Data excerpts
»»

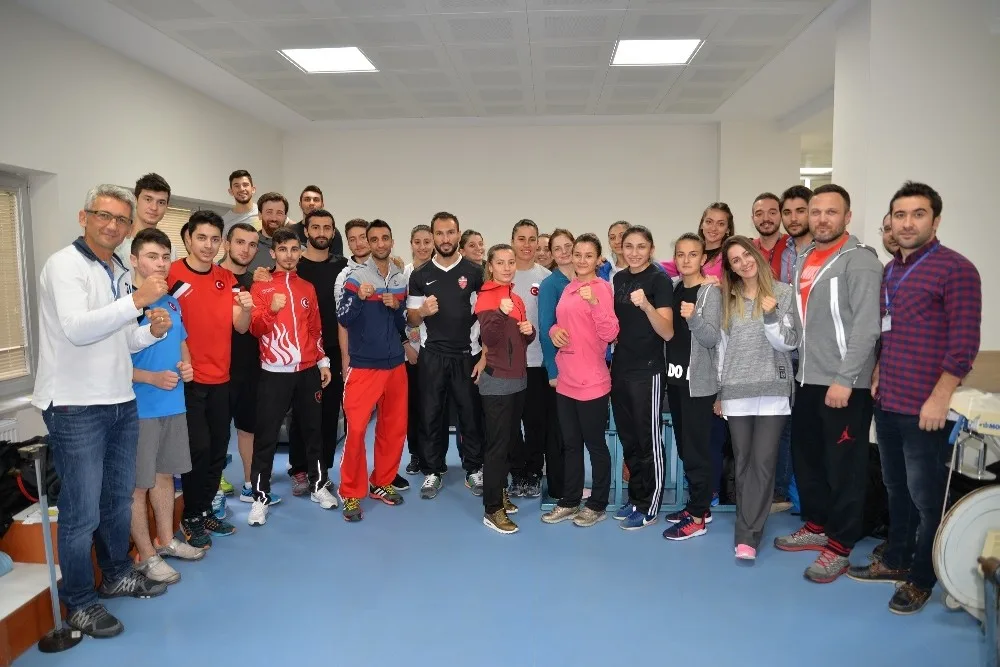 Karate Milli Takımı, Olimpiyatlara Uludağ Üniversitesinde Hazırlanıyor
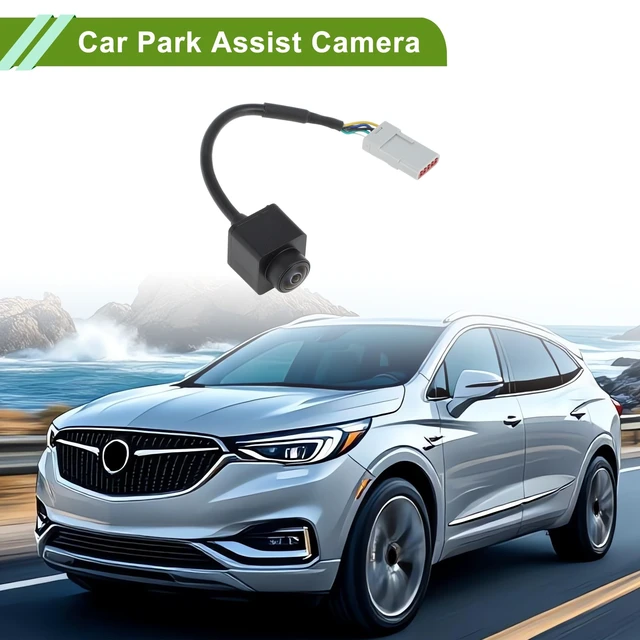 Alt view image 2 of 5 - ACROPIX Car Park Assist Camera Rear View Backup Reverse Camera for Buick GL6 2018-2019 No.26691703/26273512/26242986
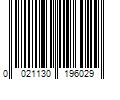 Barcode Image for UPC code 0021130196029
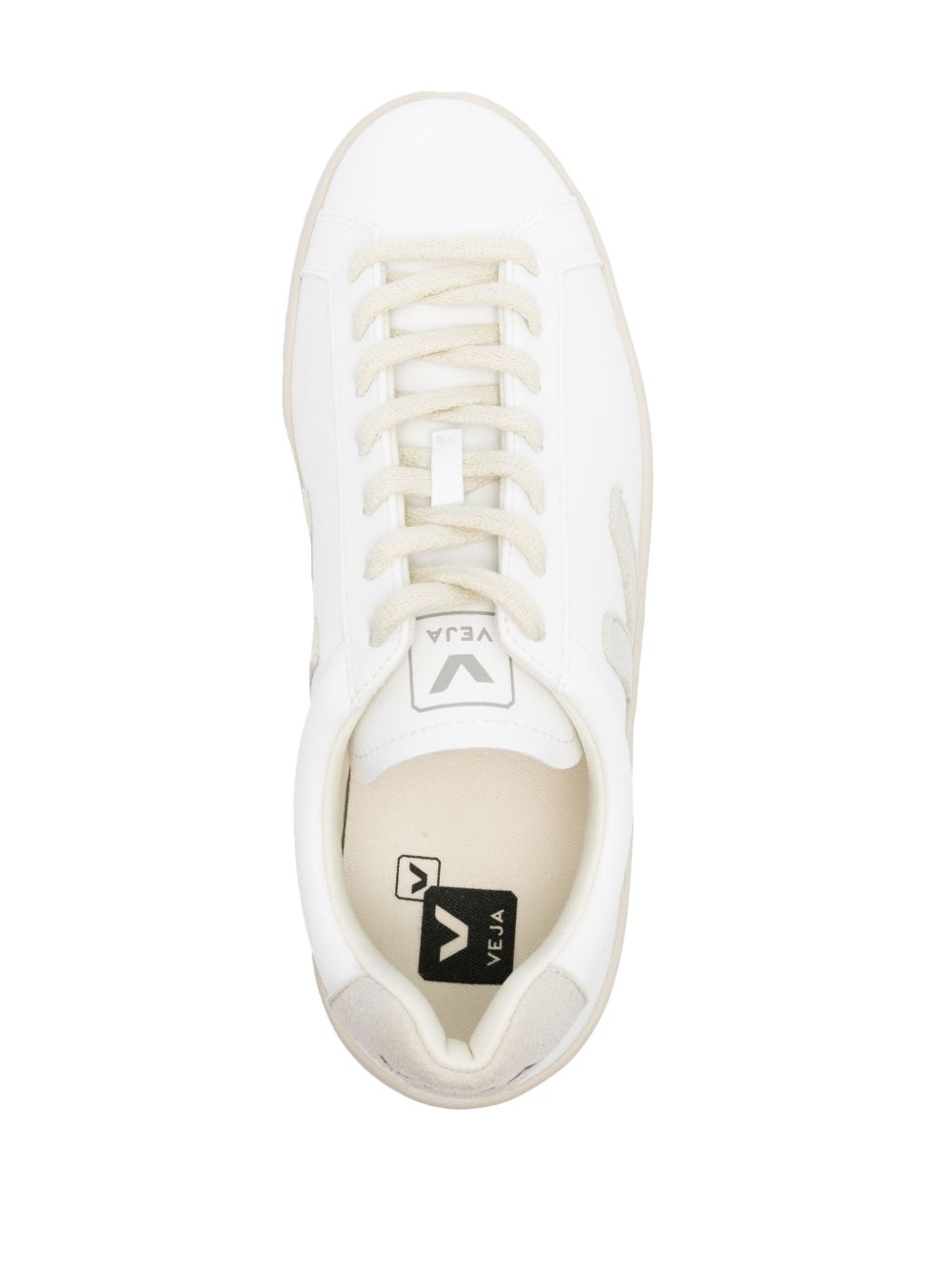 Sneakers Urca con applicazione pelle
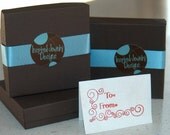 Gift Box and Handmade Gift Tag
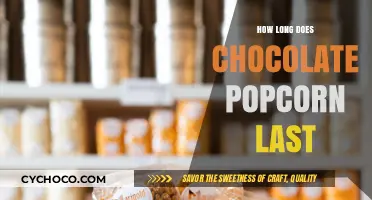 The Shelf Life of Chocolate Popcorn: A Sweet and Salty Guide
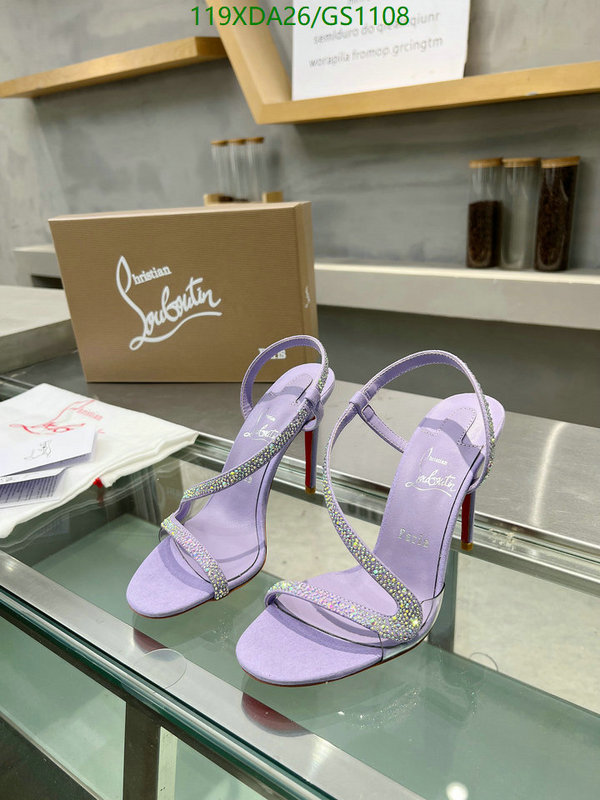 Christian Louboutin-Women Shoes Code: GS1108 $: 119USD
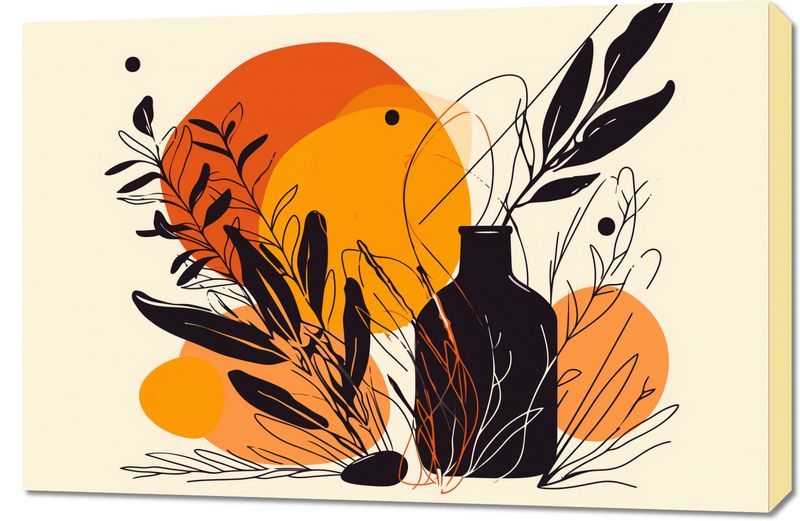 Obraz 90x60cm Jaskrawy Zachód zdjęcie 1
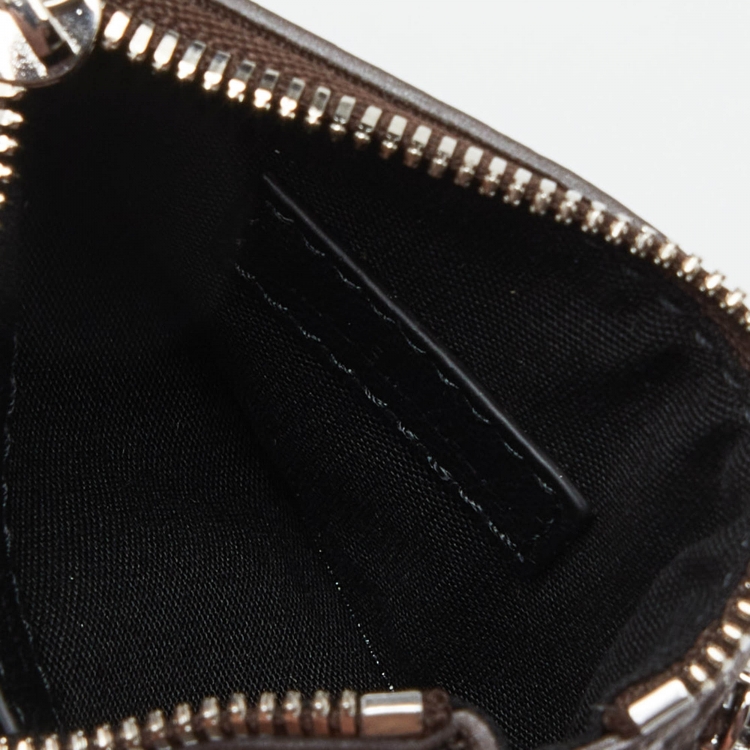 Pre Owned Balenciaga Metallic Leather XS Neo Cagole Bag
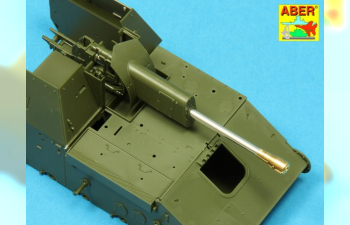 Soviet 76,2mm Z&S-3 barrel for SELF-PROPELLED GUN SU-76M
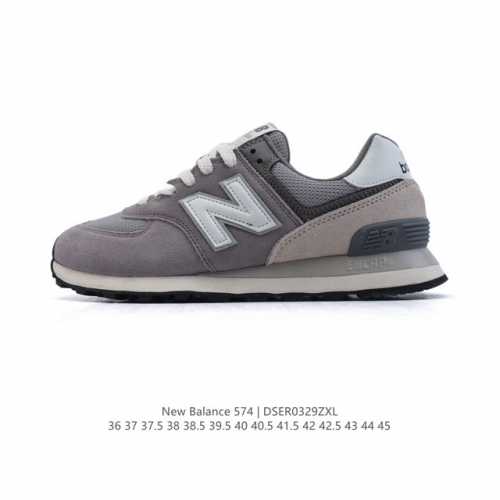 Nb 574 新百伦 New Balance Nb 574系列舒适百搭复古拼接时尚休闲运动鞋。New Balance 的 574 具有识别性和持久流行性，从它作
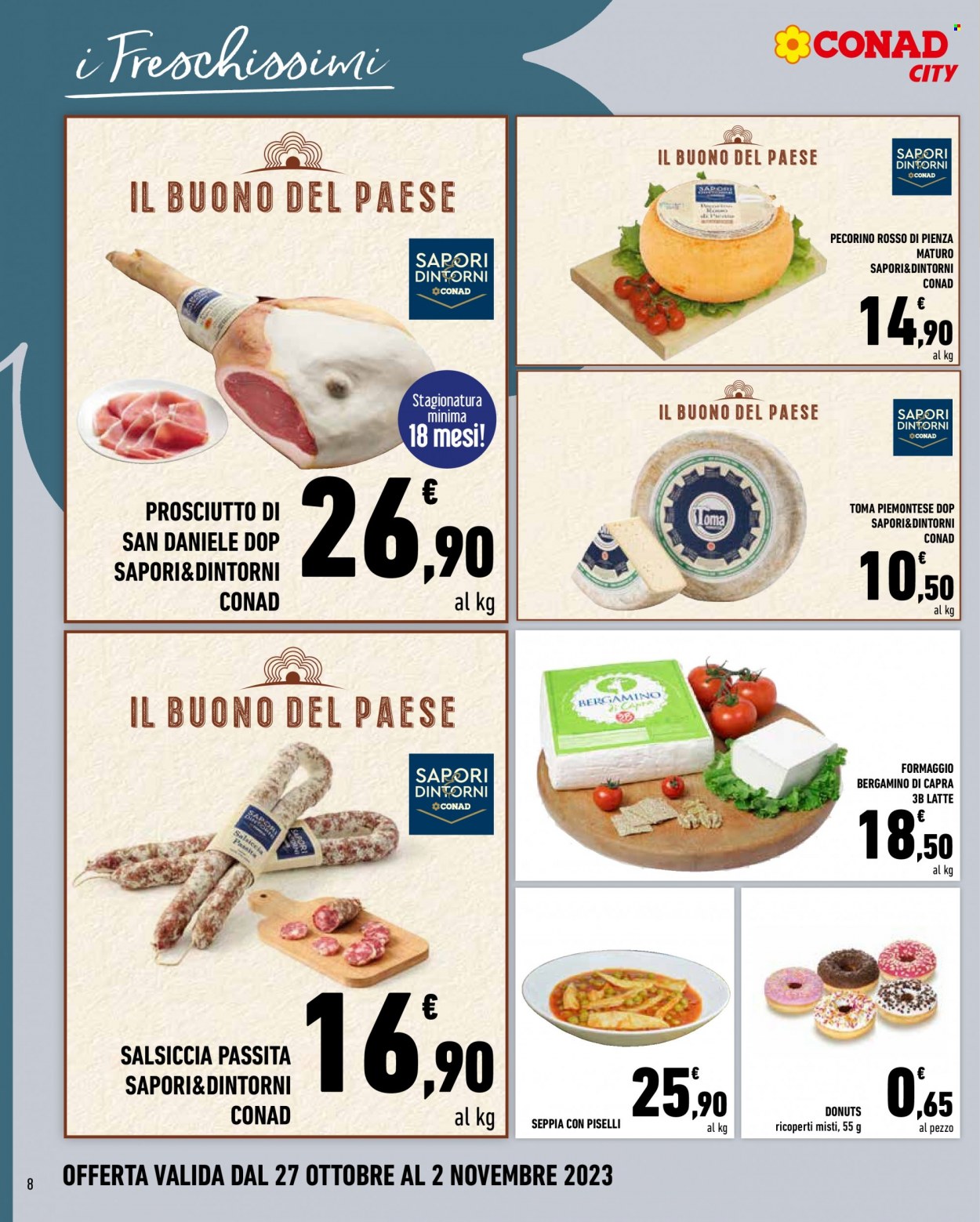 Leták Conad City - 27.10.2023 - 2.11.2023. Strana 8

««

== REQUIREMENT ==
If an entry holds a picture, skip the picture and print the rest of the data exactly.

== EXPECTED ANSWER ==
 Karate Milli Takımı, Olimpiyatlara Uludağ Üniversitesinde Hazırlanıyor
 Alt view image 2 of 5 - ACROPIX Car Park Assist Camera Rear View Backup Reverse Camera for Buick GL6 2018-2019 No.26691703/26273512/26242986
 Barcode Image for UPC code 0021130196029
 Sneakers Urca con applicazione pelle
 Gift Box and Handmade Gift Tag
 The Shelf Life of Chocolate Popcorn: A Sweet and Salty Guide
 Christian Louboutin-Women Shoes Code: GS1108 $: 119USD
 Obraz 90x60cm Jaskrawy Zachód zdjęcie 1
 Pre Owned Balenciaga Metallic Leather XS Neo Cagole Bag
 Soviet 76,2mm Z&S-3 barrel for SELF-PROPELLED GUN SU-76M
 Nb 574 新百伦 New Balance Nb 574系列舒适百搭复古拼接时尚休闲运动鞋。New Balance 的 574 具有识别性和持久流行性，从它作
 Leták Conad City - 27.10.2023 - 2.11.2023. Strana 8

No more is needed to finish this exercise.